Veel bedrijven bewegen zich netjes langs de s-groeicurves en doen precies de dingen die gebruikelijk zijn. In feite probeert men tegen beter weten in de curve nog een stukje te verlengen door McKinsey-maatregelen te nemen (saneren en snijden) en af te wachten tot de markt weer aantrekt. Als men het verkeerd heeft gezien is dat niet zo erg. Als we ernaast zitten, hebben we het allemaal verkeerd gezien. Het afwijken van wat iedereen doet wordt als gevaar gezien, niet het missen van kansen.

Crises vinden altijd plaats aan het eind van de groeicurve. De paradox is dat men dit stadium zo lang mogelijk probeert te stretchen, het onvermijdelijke nog een beetje uitstellen. Sommige bedrijven die meer op innovatie zijn ingesteld wachten dit moment niet af. Zij storten de organisatie op tijd, als het nog goed gaat, in een verandertraject op zoek naar nieuwe businessmodellen en producten. Bij de start van de nieuwe groeicurve maken de rekenmeesters plaats voor meer creatief ingestelde mensen. Hun drijfveren zijn niet gericht op stabiliteit en voorspelbaarheid maar juist op exploratie en innovatie. Dit zijn turbulente tijden waarbij men binnen de organisatie met weinig control en structuur moet kunnen werken. Als deze periode voorbij is tekenen de eerste contouren van nieuwe business zich af.
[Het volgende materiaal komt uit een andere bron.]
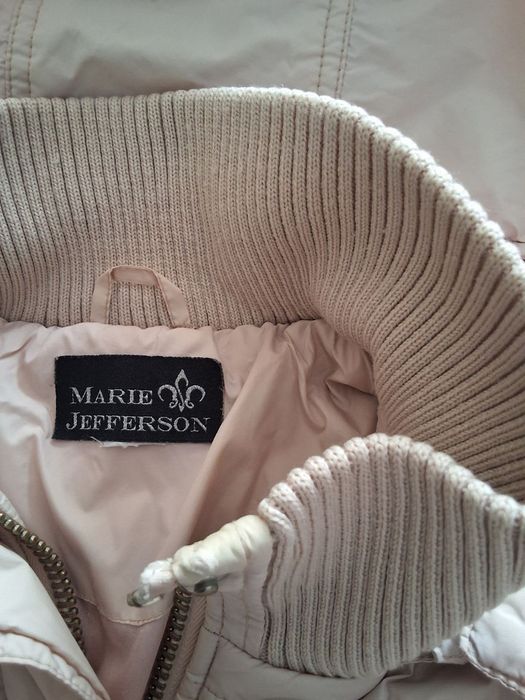 Курточка на флизе, размер М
Dit is het moment van opschalen. Innovatieve ideeën worden concreet gemaakt. Langzaam aan worden de researchers vervangen door business developers en meer operationeel ingestelde mensen die de innovaties produceerbaar moeten maken. Vanaf dit moment krijgt de s-curve een stijl groeikarakter. De organisatie wordt volwassen, er ontstaat steeds meer structuur en regelgeving. Investeringen moeten nu worden terugverdiend en winstgevendheid komt centraal te staan. Tenslotte is het aan de controllers en inkopers om de laatste efficiencies eruit halen en staat men weer voor de keus, de oude business nog enige tijd continueren of weer overstappen naar de volgende curve.

Meer ondernemende geesten onderscheiden zich van de rest door nieuwsgierigheid en onderzoeksdrang. Zij vinden dat ‘me-too-denken’ niet de oplossing biedt om crises te overleven. Hun nieuwsgierigheid naar het nieuwe wint het van de angst voor het onbekende. Zij richten zich niet op de beheersbaarheid van het systeem, maar maken juist gebruik van de mogelijkheden die het systeem biedt. Een rigide plan of statische strategie past daar nauwelijks in, wel strategisch handelen. Dat wil zeggen handelen dat erop gericht is om, met de benodigde diversiteit aan teamkwaliteiten, tijdig naar de volgende s-curve te springen en op elk moment steeds de juiste mix van mensen in te zetten. Plannen krijgen op een meer actiegerichte wijze gestalte. De visionaire bestuurder heeft het inzicht en de durf dit proces steeds op tijd te faciliteren.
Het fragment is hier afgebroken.